Performance Considerations

  1. Context Compression: Enable for long conversations to reduce token usage
  2. Caching: Leverage result caching for repeated queries
  3. Parallel Execution: Use parallel mode for independent sub-agents
  4. Resource Limits: Configure appropriate timeouts and token limits

Development Status

🚧 Under Active Development - This package is currently being built and will house all functionality for the MJ AI Agent framework. The BaseAgent class and core infrastructure are being implemented to provide the foundation for all agentic execution work in the MemberJunction ecosystem.
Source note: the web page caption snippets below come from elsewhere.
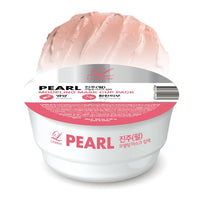 Pearl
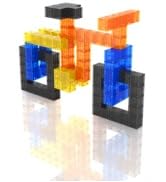 toddler boy toys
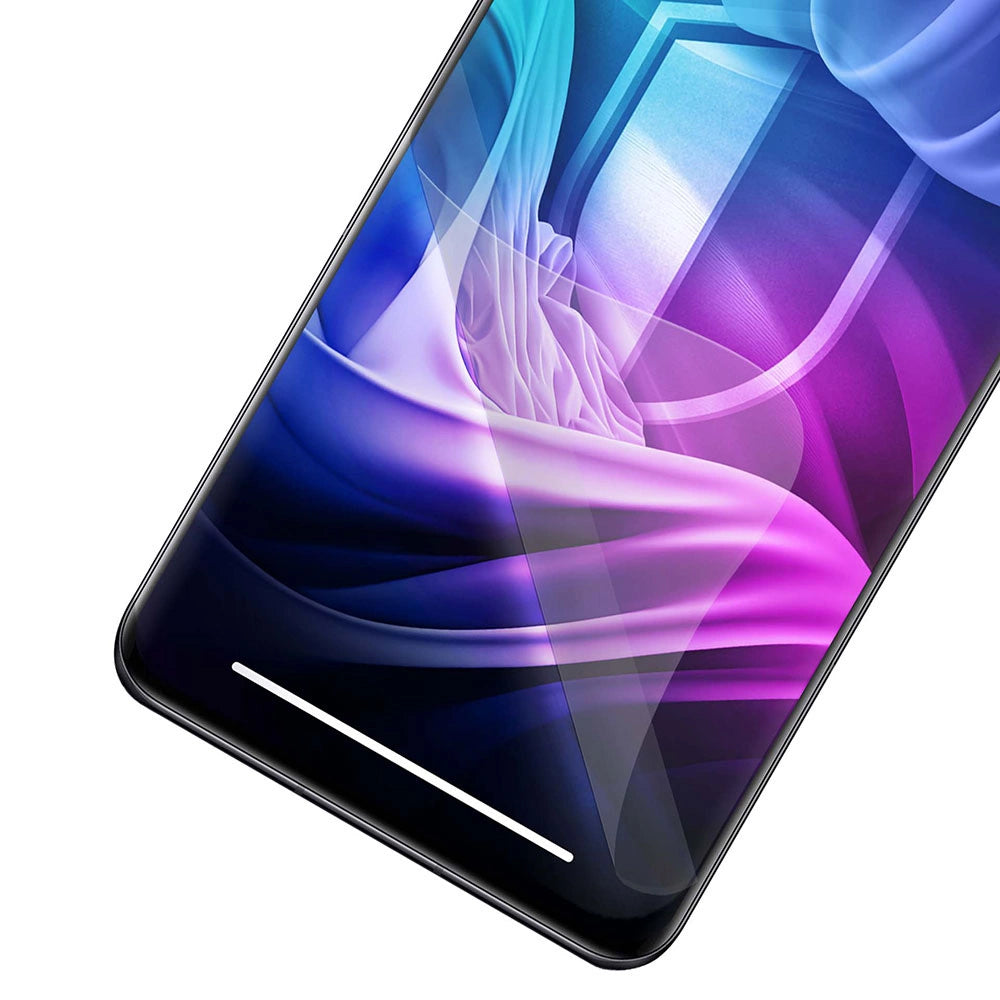 OnePlus 11 5G - 3mk Silky Matt Pro_3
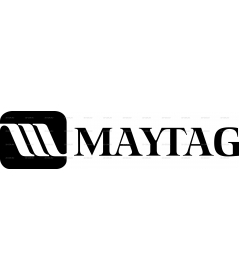 MAYTAG APPLIANCES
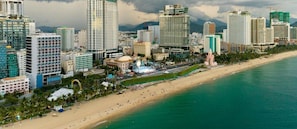 Ngoại thất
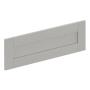 Kitchen Drawer Borston Grey L80XH26CM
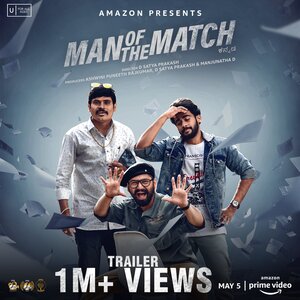 Man-of-the-Match-2022-in-Hindi-HdRip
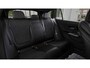 Mercedes-Benz C-klasse Estate 300 e Business Solution AMG | Trekhaak | Panoramadak | Burmester | Memory | 360 graden camera | Night | Stoelverwarming |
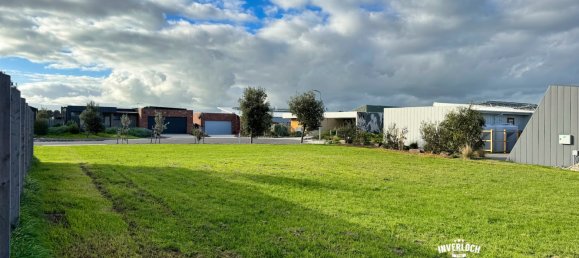 Terreno em Cape Paterson, Australia 589 m² N.º 1018 13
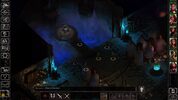 Redeem Baldur's Gate: The Classic Saga Bundle (PC) Steam Key GLOBAL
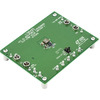 DC2530A Image - 1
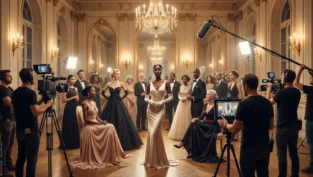 image_base64_69b27457d5c58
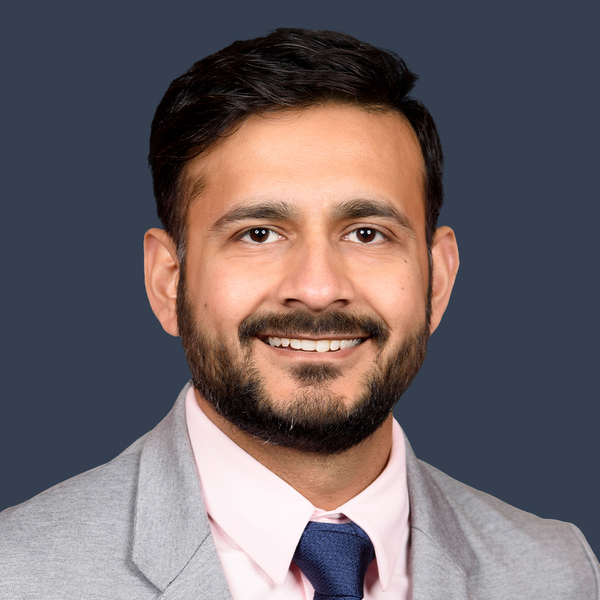 Jalpan Patel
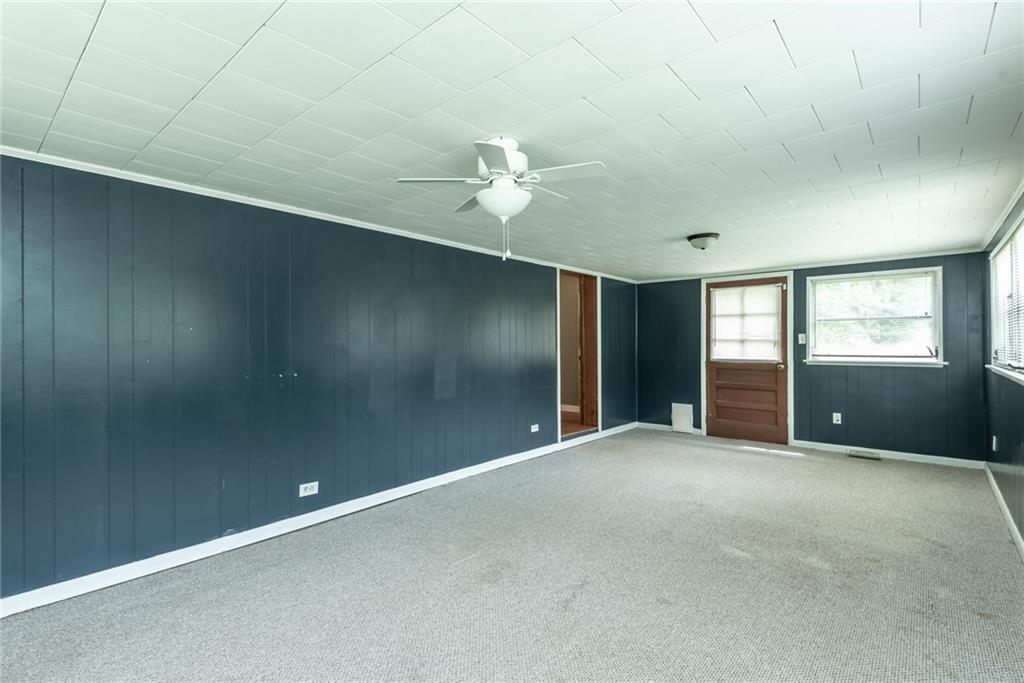 1037 Little Road Newton, NC 28658 - Photo 33 of 44 Gallery Image 33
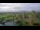Webcam in Scottsdale, Arizona, 135 km entfernt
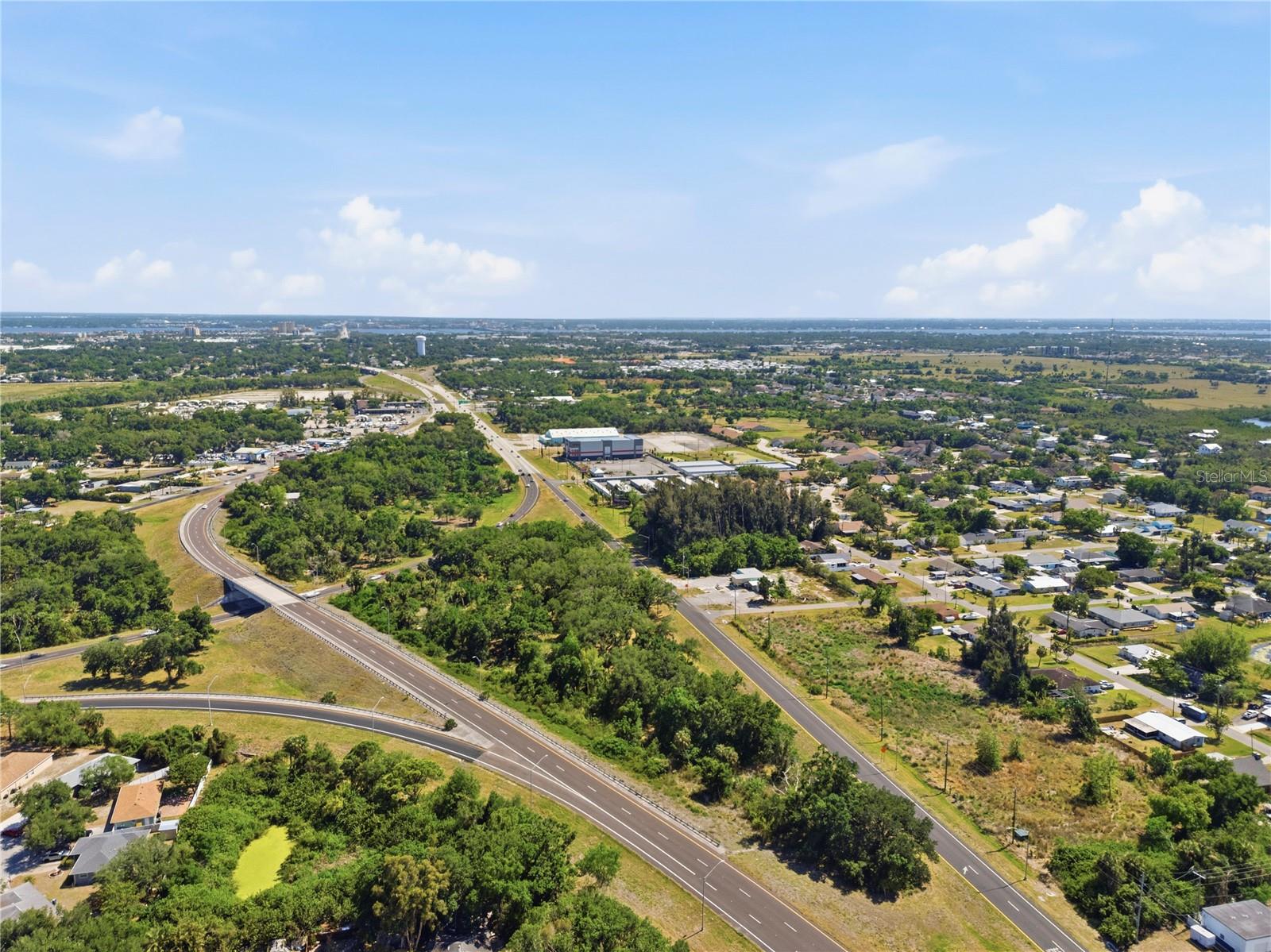 4340 US 19, PALMETTO, FL — photo 11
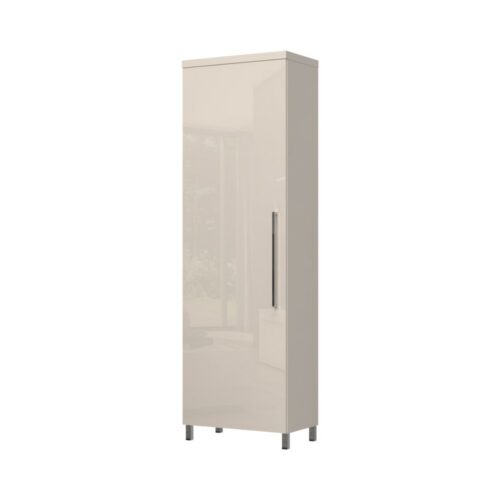 robna kuca stanojcic mmp Vitrina RIO V1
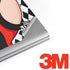 Disney Alice in Wonderland Queen of Hearts Off with their Head! Surface Book 2 13.5in Skin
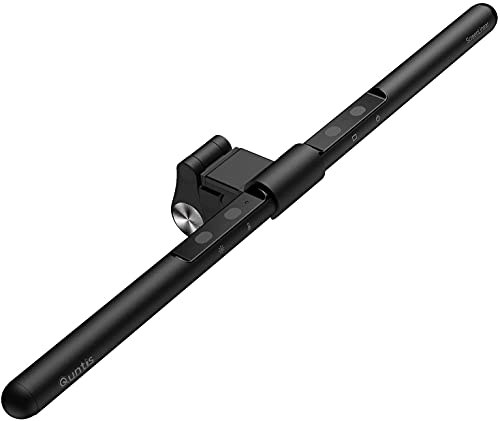 Quntis ScreenLinear Pro Monitor Light Bar (40 cm) product photo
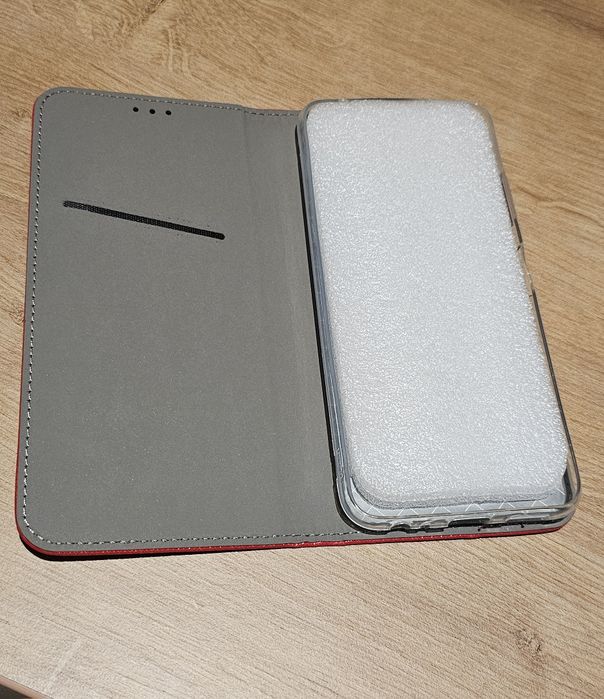 Калъф за телефон   SAMSUNG A22 5G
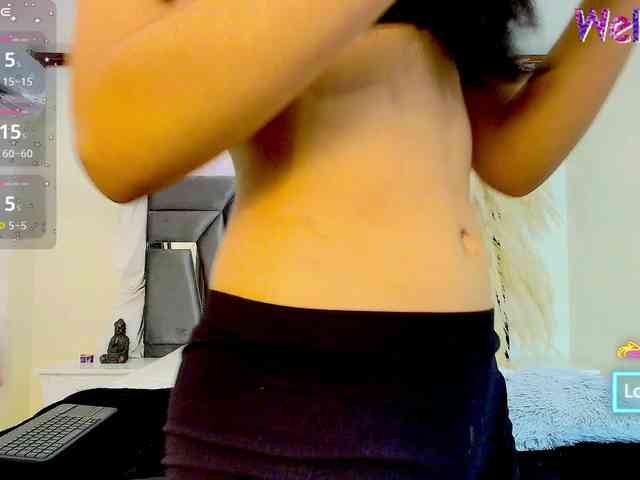 MiniLove01 MiniLove01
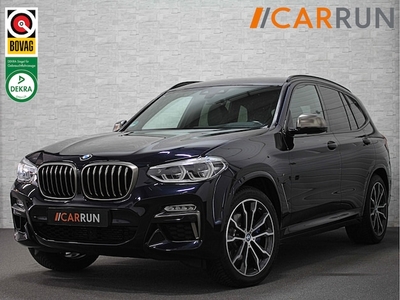 BMW X3 Diesel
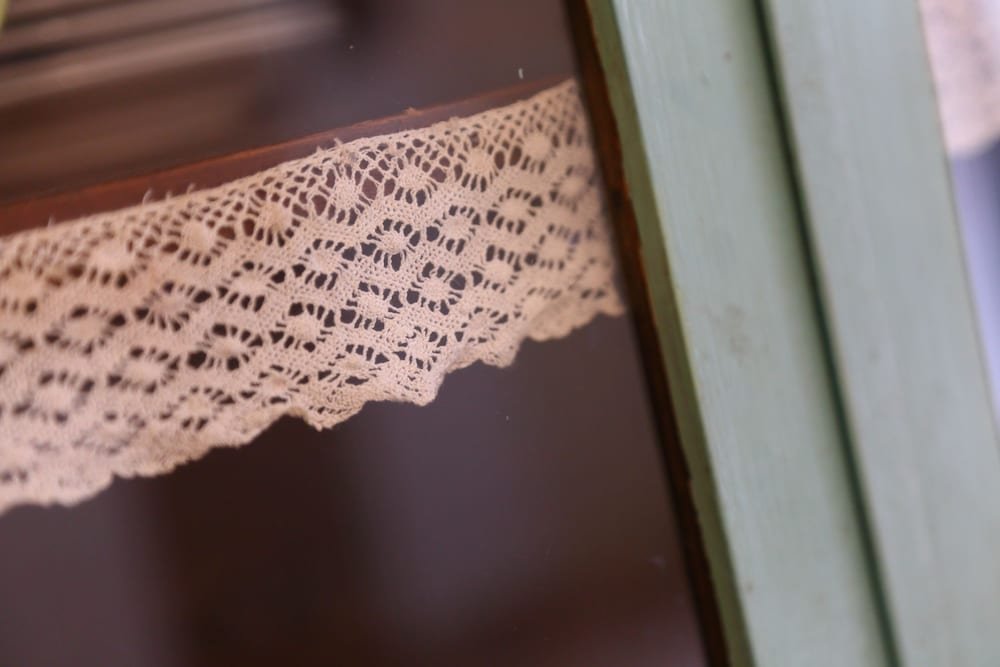 Фото Central Balcony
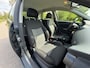 SEAT Ibiza 1.6-16V Freestyle / Zo meeneemprijs / Technisch goed / NAP / Airco / Radio-cd Speler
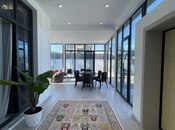 Сдаётся 4-комн. дом/дача 250 м², пос. Бузовна, photo 3 from 8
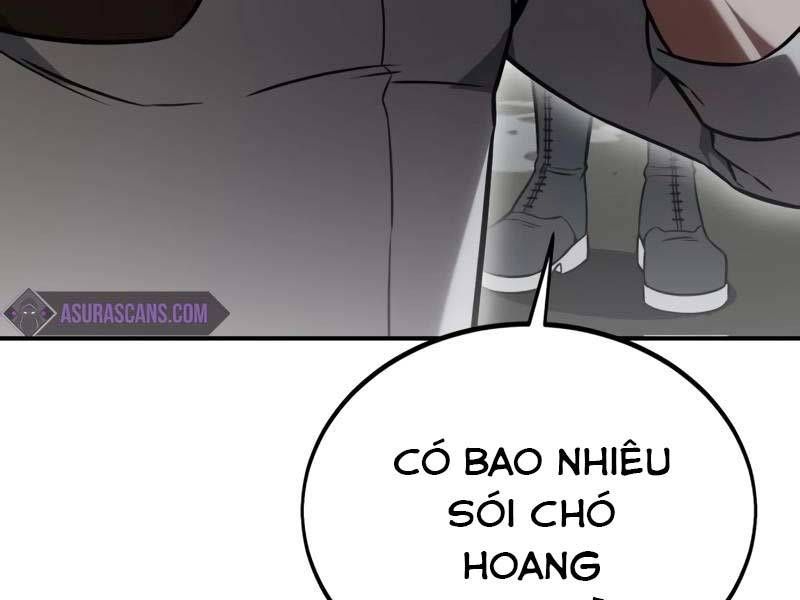 đọc truyện Tôi Đã Giết Tuyển Thủ Học Viện Chương 24 ảnh 366 tại Giả Dược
Current Implementation Status

  • ✅ Package structure and configuration
  • 🚧 BaseAgent class implementation (in progress)
  • 📋 ConductorAgent for hierarchical composition (planned)
  • 📋 Context management and compression (planned)
  • 📋 Action framework integration (planned)
  • 📋 Learning and note system (planned)
  • 📋 Execution logging and analytics (planned)

Roadmap

  1. Phase 1: Core BaseAgent implementation with basic execution
  2. Phase 2: Hierarchical agent composition and conductor pattern
  3. Phase 3: Advanced context management and compression
  4. Phase 4: Action framework and extensibility
  5. Phase 5: Learning system and performance optimization

License

ISC


Testing

import { BaseAgent } from '@memberjunction/ai-agents';
import { MockAgentEntity } from './test-utils';

describe('CustomerSupportAgent', () => {
    let agent: CustomerSupportAgent;
    
    beforeEach(async () => {
        const mockEntity = new MockAgentEntity({
            Name: 'Test Agent',
            EnableContextCompression: true,
            ContextCompressionMessageThreshold: 10
        });
        
        agent = new CustomerSupportAgent(mockEntity);
        await agent.initialize();
    });
    
    test('should handle customer query', async () => {
        const result = await agent.execute({
            conversationId: 'test-123',
            messages: [
                { role: 'user', content: 'What is my order status?' }
            ]
        });
        
        expect(result.success).toBe(true);
        expect(result.response).toContain('order');
    });
    
    test('should compress long conversations', async () => {
        const longContext = {
            conversationId: 'test-456',
            messages: Array(15).fill(null).map((_, i) => ({
                role: i % 2 === 0 ? 'user' : 'assistant',
                content: `Message ${i}`
            }))
        };
        
        const result = await agent.execute(longContext);
        expect(result.metadata.contextCompressed).toBe(true);
    });
});

Troubleshooting

Common Issues

  1. Agent Not Found: Ensure the agent is properly registered in the database
  2. Initialization Failures: Check that all required prompts and configurations exist
  3. Context Overflow: Enable context compression for long conversations
  4. Performance Issues: Review parallel execution settings and caching configuration

Debug Mode

// Enable debug logging
process.env.MJ_AI_AGENT_DEBUG = 'true';

const agent = new MyAgent(entity);
agent.on('debug', (message) => {
    console.log('[Agent Debug]:', message);
});

Contributing

When developing agents using this framework:

  1. Always extend BaseAgent for consistency and built-in functionality
  2. Follow the lifecycle patterns defined in the base class
  3. Use meaningful names and descriptions for agents and actions
  4. Implement proper error handling in custom execution logic
  5. Leverage the note system for agent learning and improvement
  6. Test with various context scenarios to ensure robustness
  7. Document custom actions and behaviors in your agent implementations
  8. Follow TypeScript best practices and avoid any types

For detailed development guidelines and best practices, refer to the Agent Architecture.md documentation.